Thin-Film Fluid Flows over Microdecorated Surfaces: Observation of Polygonal Hydraulic Jumps

Liquid films flowing over rough substrates are influenced by asperities whose sizes are comparable to the film thickness. We investigate flows driven by jet impact on a regular array of micron-size posts. We show that the topography modifies the size and the shape of the observed hydraulic jumps: in addition to circular jumps, we obtain a variety of stable polygonal shapes. We rationalize our results by considering a leakage flow through the texture and the free-surface flow above it, coupled by an effective slip boundary condition accounting for the symmetry of the texture. This model is in good agreement with our experiments and allows us to account for the interplay between flow properties and roughness parameters, which has applicability in many other thin-film configurations.

Figure 1

Experimental method. (a) Schematic of the experimental setup. (b) The micropattern embedded in the center of the impact plate. The photograph shows the cylindrical posts of polydimethylsiloxane (PDMS) arranged on a square lattice. The typical radius $R$ and height $H$ of the posts and lattice distance $D$ are approximately $100\mu \mathrm{m}$. (c) Photograph of a polygonal jump taken from above, at a 45° angle. The jump is formed by a water jet ($Q=1\mathrm{L}·{\min }^{-1}$) impacting a square lattice ($D=200\mu \mathrm{m}$, $R=50\mu \mathrm{m}$, and $H=50\mu \mathrm{m}$).

Figure 2

Influence of pattern structure.
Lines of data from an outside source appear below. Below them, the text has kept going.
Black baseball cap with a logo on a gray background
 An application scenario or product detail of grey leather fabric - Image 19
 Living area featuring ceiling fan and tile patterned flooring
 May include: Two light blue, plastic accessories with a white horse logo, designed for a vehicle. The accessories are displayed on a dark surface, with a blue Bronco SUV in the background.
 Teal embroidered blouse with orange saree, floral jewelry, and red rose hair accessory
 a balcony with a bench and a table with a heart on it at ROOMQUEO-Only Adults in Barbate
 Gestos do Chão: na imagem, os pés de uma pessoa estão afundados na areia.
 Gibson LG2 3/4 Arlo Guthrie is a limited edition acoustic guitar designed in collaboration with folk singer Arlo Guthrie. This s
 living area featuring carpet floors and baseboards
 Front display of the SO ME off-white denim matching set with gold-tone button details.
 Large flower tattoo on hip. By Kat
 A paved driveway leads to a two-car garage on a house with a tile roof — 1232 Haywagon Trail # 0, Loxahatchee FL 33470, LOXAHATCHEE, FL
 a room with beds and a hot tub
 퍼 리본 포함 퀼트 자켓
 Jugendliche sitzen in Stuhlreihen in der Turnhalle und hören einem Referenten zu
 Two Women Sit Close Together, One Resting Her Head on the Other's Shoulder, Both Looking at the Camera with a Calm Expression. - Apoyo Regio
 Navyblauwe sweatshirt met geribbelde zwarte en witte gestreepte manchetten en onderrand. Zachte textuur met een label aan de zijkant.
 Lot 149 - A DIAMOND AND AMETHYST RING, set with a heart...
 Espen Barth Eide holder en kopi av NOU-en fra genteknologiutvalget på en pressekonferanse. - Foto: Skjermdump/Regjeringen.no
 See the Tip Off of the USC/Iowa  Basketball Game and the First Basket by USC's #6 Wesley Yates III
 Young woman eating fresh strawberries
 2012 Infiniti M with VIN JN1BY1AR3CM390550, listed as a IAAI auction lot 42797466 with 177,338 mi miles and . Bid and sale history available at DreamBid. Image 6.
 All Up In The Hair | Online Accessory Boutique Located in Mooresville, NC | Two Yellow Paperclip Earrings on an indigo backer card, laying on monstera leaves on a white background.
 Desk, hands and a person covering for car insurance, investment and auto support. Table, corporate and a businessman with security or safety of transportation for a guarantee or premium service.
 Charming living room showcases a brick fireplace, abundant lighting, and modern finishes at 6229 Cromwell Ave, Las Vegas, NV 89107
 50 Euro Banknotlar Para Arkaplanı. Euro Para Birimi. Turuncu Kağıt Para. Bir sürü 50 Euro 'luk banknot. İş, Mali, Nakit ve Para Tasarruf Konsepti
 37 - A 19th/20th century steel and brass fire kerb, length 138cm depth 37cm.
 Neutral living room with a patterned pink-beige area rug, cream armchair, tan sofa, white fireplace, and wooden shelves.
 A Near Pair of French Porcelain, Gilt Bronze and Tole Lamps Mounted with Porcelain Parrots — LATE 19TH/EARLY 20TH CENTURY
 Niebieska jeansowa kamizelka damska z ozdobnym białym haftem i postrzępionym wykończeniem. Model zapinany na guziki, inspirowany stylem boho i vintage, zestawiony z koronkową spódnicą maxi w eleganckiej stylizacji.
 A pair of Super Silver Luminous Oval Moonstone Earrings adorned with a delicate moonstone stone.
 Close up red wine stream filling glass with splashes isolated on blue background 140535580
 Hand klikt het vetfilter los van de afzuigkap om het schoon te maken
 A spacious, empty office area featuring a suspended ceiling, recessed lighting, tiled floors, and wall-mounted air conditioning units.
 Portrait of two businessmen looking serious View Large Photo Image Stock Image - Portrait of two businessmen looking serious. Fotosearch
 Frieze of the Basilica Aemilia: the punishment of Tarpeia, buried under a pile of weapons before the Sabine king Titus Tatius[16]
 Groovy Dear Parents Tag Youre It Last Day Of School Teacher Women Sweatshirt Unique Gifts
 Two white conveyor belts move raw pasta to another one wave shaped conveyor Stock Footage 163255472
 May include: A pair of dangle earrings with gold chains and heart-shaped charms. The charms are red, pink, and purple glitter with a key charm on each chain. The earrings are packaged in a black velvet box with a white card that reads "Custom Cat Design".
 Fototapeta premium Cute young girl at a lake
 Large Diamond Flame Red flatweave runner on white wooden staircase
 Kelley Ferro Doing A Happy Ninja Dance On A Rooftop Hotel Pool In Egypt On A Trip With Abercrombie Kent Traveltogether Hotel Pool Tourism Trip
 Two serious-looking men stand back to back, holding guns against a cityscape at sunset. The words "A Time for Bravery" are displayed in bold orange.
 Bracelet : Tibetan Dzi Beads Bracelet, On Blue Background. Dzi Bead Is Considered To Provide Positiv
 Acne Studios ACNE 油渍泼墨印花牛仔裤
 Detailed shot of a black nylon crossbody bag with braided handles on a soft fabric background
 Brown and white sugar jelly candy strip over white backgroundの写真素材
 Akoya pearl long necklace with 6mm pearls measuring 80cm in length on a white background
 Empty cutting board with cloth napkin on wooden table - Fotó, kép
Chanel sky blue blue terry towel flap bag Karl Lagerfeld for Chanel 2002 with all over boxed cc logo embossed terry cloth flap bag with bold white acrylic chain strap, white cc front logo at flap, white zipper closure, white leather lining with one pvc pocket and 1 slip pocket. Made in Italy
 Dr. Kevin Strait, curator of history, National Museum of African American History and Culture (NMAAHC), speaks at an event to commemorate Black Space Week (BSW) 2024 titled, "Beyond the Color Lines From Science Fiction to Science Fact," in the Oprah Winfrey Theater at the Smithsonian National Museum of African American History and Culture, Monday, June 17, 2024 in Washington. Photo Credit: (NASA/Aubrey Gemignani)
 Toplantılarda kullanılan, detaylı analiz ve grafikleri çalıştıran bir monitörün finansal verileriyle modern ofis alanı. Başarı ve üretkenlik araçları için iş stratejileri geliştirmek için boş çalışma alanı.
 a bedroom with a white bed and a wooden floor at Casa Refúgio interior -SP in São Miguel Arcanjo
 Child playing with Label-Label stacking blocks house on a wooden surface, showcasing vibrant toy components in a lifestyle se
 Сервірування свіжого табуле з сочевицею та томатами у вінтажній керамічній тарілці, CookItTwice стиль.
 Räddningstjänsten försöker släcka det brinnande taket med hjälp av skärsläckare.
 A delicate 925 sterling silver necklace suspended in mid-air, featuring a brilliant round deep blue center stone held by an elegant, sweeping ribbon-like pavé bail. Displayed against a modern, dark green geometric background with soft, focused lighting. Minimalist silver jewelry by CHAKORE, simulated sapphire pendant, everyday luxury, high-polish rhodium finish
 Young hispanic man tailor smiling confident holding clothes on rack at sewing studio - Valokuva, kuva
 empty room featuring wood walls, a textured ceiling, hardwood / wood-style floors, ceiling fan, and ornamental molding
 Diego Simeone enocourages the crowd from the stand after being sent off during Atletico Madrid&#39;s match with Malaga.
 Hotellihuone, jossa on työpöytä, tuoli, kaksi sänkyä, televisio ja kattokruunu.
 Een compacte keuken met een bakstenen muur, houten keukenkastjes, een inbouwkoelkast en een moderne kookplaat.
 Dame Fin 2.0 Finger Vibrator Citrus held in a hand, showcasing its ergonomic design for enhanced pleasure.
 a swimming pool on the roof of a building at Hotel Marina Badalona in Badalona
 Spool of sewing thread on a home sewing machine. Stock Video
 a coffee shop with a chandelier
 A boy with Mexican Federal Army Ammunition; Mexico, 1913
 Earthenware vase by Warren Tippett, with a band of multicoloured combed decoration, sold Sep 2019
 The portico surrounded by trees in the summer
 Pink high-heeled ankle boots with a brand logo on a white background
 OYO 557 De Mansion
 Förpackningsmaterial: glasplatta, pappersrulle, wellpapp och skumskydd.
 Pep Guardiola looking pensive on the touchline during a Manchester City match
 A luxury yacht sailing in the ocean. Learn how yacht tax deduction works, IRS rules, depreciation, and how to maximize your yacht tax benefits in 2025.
Water jets impact (a) a smooth substrate ($Q=1.3\mathrm{L}·{\min }^{-1}$), (b) a hexagonal lattice ($Q=1.7\mathrm{L}·{\min }^{-1}$), and (c) a square lattice ($Q=1.9\mathrm{L}·{\min }^{-1}$). Lattice parameters: $D=200\mu \mathrm{m}$, $R=50\mu \mathrm{m}$, and $H=50\mu \mathrm{m}$.

Figure 3

Influence of pattern geometry on the jump. (a) Average radius versus flow rate for four square lattices with post radius $R=50\mu \mathrm{m}$ and different lattice spacing and posts heights: (▵) $D=200\mu \mathrm{m}$ and $H=23\mu \mathrm{m}$, (▹) $D=200\mu \mathrm{m}$ and $H=50\mu \mathrm{m}$, (▿) $D=200\mu \mathrm{m}$ and $H=88\mu \mathrm{m}$, (○) $D=300\mu \mathrm{m}$ and $H=50\mu \mathrm{m}$, (□) $D=400\mu \mathrm{m}$ and $H=50\mu \mathrm{m}$. Inset, the data are compared to predictions (solid line) with $Y_j={\overline{r}}_{j}g(\frac{da}{Q}{)}^2(1+\frac{2}{{\overline{B}}_0})+\frac{a^2}{2{\pi }^2{\overline{r}}_{j}d}$ and $X_j=\frac{\nu ({\overline{r}}_j^3+{\ell }^3)}{Q{a}^2}$ [19], where ${\overline{B}}_0=\frac{\rho g{\overline{r}}_{j}d}{\gamma }$ is the Bond number. (b) Images of the polygonal jumps over different substrates for $Q=2.5\mathrm{L}·{\min }^{-1}$.

Figure 4

Results of the modeling. (a) View from above of a unit cell of a square lattice. Black and white arrows indicate, respectively, the flow direction and the main axis of the lattice. $\theta$ is the angle between these two directions (here, 0°, 45°, and 90°) and ${\ell }_0$, which scales as the open frontal area, is represented by the black lines. (b) Comparison between the results of the model (solid line) and the experimental data. The results obtained in 15 are also represented (•). $\overline{\ell }(b)$, $\overline{g}(b)$, ${\overline{B}}_0$, and ${\overline{r}}_j$ are averaged for $\theta$ between 0 and $2\pi$. Inset: Maximum deformation of the shape as predicted by the model. (c) Shapes predicted square lattices with different lattice parameters. Symbols are as in Fig. 3.

Figure 5

Coefficients of the model. Leakage flow ($\alpha$, ◆) and slip length ($\xi$, ▪) coefficients as functions of: (a) The aspect ratio of the posts $\kappa$, for a fixed value of the roughness porosity $ϵ$ ($H$ varies, $R$ and $D$ are constant); (b) $ϵ$, for a fixed value of $\kappa$ ($D$ varies, $R$ and $H$ are constant).